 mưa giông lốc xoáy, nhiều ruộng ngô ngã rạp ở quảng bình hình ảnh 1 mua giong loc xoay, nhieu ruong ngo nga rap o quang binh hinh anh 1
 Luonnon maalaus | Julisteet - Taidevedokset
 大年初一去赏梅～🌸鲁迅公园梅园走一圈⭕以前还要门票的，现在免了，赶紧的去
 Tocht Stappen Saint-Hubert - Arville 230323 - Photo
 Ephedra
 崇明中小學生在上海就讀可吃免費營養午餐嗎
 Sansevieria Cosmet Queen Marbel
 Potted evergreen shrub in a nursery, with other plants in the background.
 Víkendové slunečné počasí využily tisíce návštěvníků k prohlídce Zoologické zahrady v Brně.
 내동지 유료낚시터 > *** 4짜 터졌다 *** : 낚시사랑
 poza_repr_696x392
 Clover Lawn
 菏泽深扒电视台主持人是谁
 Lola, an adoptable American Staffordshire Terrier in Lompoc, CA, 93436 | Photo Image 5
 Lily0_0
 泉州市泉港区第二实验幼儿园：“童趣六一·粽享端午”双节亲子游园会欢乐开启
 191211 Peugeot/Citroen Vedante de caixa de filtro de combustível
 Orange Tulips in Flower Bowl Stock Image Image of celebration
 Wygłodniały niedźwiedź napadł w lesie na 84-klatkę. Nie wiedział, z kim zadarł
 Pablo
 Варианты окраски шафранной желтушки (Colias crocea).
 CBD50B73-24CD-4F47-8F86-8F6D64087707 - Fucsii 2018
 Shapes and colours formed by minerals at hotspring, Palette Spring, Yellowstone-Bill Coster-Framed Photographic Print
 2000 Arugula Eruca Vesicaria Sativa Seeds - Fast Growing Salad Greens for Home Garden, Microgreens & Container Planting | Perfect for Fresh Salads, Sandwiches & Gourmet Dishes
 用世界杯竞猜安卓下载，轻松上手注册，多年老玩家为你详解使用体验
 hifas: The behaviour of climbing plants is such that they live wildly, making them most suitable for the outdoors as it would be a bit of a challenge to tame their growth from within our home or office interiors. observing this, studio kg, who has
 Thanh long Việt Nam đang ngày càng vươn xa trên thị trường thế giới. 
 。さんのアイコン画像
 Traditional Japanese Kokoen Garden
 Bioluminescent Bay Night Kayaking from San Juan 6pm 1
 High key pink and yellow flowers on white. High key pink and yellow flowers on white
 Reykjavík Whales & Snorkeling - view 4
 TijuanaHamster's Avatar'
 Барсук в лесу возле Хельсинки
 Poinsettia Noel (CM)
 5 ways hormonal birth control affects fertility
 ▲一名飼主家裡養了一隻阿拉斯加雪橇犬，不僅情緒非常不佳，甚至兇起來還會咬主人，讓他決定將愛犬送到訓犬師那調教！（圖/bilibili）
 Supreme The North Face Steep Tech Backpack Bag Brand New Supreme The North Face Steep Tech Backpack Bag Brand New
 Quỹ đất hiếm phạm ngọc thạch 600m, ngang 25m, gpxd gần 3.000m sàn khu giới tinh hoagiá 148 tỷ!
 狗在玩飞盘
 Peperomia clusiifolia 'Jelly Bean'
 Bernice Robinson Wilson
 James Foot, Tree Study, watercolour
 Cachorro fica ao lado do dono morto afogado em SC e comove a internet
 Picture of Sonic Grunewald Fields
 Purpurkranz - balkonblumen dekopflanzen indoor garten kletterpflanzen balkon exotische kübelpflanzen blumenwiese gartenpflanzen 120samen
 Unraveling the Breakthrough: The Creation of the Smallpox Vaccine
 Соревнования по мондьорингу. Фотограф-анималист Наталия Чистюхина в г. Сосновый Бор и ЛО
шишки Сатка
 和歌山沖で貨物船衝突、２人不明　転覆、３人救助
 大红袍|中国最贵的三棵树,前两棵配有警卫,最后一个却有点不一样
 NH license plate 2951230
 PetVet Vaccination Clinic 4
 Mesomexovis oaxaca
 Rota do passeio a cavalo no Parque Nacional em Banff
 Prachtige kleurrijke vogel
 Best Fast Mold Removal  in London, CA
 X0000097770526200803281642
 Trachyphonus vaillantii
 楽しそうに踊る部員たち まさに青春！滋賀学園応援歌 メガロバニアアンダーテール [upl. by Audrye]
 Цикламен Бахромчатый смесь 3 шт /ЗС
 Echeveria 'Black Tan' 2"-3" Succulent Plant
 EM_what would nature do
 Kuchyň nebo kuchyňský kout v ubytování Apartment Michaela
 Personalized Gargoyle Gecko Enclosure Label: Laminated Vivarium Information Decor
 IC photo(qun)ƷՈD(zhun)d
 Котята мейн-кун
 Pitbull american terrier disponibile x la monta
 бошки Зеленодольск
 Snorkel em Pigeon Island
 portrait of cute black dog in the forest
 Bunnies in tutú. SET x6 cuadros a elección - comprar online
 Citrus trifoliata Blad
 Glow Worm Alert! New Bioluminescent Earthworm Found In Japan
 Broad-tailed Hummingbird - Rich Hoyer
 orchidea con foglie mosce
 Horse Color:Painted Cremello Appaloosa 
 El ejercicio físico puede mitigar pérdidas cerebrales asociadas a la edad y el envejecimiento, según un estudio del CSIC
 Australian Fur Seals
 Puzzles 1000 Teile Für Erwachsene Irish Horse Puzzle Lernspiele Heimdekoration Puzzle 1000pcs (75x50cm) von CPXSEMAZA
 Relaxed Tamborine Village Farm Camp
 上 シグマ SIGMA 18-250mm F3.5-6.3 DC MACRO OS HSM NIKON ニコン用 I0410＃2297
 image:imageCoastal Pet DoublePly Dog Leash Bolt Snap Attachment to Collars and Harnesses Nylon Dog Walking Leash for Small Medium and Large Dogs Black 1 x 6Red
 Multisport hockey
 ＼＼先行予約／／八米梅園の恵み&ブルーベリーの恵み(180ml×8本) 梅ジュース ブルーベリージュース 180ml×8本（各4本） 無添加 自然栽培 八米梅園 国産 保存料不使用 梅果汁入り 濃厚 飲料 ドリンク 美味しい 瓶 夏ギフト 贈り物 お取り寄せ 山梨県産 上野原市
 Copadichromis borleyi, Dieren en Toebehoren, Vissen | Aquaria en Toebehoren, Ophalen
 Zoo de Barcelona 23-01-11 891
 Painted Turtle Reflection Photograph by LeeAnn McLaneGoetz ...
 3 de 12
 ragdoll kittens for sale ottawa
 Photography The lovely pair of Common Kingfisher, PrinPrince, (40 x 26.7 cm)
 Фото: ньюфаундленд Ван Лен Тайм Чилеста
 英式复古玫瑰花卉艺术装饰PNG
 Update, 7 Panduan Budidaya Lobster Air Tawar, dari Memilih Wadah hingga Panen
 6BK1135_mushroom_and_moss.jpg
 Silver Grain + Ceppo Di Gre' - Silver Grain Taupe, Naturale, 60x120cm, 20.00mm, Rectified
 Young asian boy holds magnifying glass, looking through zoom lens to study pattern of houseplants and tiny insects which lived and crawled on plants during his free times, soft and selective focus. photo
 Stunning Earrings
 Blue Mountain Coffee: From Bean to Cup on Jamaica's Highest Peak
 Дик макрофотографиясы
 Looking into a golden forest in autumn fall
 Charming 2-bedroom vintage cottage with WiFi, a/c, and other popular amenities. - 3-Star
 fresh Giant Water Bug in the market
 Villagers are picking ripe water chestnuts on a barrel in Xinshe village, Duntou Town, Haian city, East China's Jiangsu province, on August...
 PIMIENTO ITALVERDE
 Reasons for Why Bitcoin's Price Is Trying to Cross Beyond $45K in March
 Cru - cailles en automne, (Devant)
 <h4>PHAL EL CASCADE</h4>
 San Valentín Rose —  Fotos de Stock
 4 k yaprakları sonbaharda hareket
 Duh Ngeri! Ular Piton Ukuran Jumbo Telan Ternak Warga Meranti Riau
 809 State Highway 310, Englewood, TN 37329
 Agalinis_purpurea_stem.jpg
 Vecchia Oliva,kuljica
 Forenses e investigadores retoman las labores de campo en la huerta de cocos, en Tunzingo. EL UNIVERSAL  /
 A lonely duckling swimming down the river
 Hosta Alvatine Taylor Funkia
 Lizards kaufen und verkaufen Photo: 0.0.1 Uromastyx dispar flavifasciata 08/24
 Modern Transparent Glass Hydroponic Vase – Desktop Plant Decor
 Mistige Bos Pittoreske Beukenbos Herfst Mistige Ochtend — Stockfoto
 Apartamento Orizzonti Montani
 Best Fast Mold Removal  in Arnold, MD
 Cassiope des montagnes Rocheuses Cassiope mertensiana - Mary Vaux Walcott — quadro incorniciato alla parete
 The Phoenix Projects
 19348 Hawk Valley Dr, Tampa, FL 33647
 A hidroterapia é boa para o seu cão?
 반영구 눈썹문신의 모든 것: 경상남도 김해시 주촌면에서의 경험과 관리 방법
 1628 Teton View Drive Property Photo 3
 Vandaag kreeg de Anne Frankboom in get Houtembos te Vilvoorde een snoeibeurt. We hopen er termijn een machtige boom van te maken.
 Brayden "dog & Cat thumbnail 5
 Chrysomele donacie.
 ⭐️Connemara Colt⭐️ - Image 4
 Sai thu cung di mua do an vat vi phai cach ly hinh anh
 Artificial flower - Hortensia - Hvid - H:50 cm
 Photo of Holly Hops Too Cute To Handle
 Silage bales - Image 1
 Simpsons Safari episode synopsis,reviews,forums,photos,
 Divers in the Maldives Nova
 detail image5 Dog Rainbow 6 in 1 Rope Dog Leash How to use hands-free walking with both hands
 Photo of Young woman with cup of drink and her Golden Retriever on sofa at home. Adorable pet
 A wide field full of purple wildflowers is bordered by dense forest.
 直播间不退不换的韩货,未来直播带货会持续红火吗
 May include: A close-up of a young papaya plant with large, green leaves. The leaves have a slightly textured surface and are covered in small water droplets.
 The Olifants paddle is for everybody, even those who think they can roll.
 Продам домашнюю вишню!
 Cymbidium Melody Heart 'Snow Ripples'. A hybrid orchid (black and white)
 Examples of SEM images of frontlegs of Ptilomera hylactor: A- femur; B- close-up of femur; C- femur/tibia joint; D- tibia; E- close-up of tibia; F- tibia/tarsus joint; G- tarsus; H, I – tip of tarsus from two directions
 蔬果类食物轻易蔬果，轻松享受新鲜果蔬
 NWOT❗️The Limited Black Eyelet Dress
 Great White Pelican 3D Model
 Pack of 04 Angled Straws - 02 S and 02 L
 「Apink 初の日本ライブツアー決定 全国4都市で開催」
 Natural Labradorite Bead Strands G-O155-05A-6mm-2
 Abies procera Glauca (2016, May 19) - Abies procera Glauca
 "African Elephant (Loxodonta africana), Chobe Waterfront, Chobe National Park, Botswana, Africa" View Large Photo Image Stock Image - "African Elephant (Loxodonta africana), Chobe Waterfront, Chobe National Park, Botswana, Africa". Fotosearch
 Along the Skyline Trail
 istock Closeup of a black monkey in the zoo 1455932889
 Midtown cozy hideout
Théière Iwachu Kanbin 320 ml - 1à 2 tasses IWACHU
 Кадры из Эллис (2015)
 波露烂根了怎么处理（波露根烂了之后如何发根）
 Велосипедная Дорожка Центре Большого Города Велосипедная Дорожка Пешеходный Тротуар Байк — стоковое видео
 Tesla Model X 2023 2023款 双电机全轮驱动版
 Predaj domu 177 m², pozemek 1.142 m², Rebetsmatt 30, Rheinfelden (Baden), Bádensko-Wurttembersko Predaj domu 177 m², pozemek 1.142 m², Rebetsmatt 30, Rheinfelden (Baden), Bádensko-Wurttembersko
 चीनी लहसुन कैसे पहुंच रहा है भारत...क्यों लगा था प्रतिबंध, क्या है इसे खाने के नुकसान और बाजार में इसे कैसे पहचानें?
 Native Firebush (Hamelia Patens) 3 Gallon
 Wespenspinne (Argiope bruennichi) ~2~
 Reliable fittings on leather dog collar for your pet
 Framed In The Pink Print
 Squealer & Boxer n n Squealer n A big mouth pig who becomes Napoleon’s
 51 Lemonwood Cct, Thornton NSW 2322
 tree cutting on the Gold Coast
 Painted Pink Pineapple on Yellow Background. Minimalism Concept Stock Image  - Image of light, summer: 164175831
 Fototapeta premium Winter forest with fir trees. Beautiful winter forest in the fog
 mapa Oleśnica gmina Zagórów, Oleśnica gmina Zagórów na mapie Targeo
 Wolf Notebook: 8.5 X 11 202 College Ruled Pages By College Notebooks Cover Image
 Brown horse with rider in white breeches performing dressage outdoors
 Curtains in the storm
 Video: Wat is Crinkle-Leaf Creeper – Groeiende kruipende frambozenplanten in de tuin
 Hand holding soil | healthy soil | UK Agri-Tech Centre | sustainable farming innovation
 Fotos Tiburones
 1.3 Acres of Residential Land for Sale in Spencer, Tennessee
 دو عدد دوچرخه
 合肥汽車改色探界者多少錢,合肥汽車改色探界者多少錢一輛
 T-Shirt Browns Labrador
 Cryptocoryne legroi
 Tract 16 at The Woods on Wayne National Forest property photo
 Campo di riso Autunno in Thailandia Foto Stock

The task: Among the records above, repeat exactly the line with "Young asian boy", the line with "in Arnold, MD", and every line in between, and only those.

Problem solution:
 Young asian boy holds magnifying glass, looking through zoom lens to study pattern of houseplants and tiny insects which lived and crawled on plants during his free times, soft and selective focus. photo
 Stunning Earrings
 Blue Mountain Coffee: From Bean to Cup on Jamaica's Highest Peak
 Дик макрофотографиясы
 Looking into a golden forest in autumn fall
 Charming 2-bedroom vintage cottage with WiFi, a/c, and other popular amenities. - 3-Star
 fresh Giant Water Bug in the market
 Villagers are picking ripe water chestnuts on a barrel in Xinshe village, Duntou Town, Haian city, East China's Jiangsu province, on August...
 PIMIENTO ITALVERDE
 Reasons for Why Bitcoin's Price Is Trying to Cross Beyond $45K in March
 Cru - cailles en automne, (Devant)
 <h4>PHAL EL CASCADE</h4>
 San Valentín Rose —  Fotos de Stock
 4 k yaprakları sonbaharda hareket
 Duh Ngeri! Ular Piton Ukuran Jumbo Telan Ternak Warga Meranti Riau
 809 State Highway 310, Englewood, TN 37329
 Agalinis_purpurea_stem.jpg
 Vecchia Oliva,kuljica
 Forenses e investigadores retoman las labores de campo en la huerta de cocos, en Tunzingo. EL UNIVERSAL  /
 A lonely duckling swimming down the river
 Hosta Alvatine Taylor Funkia
 Lizards kaufen und verkaufen Photo: 0.0.1 Uromastyx dispar flavifasciata 08/24
 Modern Transparent Glass Hydroponic Vase – Desktop Plant Decor
 Mistige Bos Pittoreske Beukenbos Herfst Mistige Ochtend — Stockfoto
 Apartamento Orizzonti Montani
 Best Fast Mold Removal  in Arnold, MD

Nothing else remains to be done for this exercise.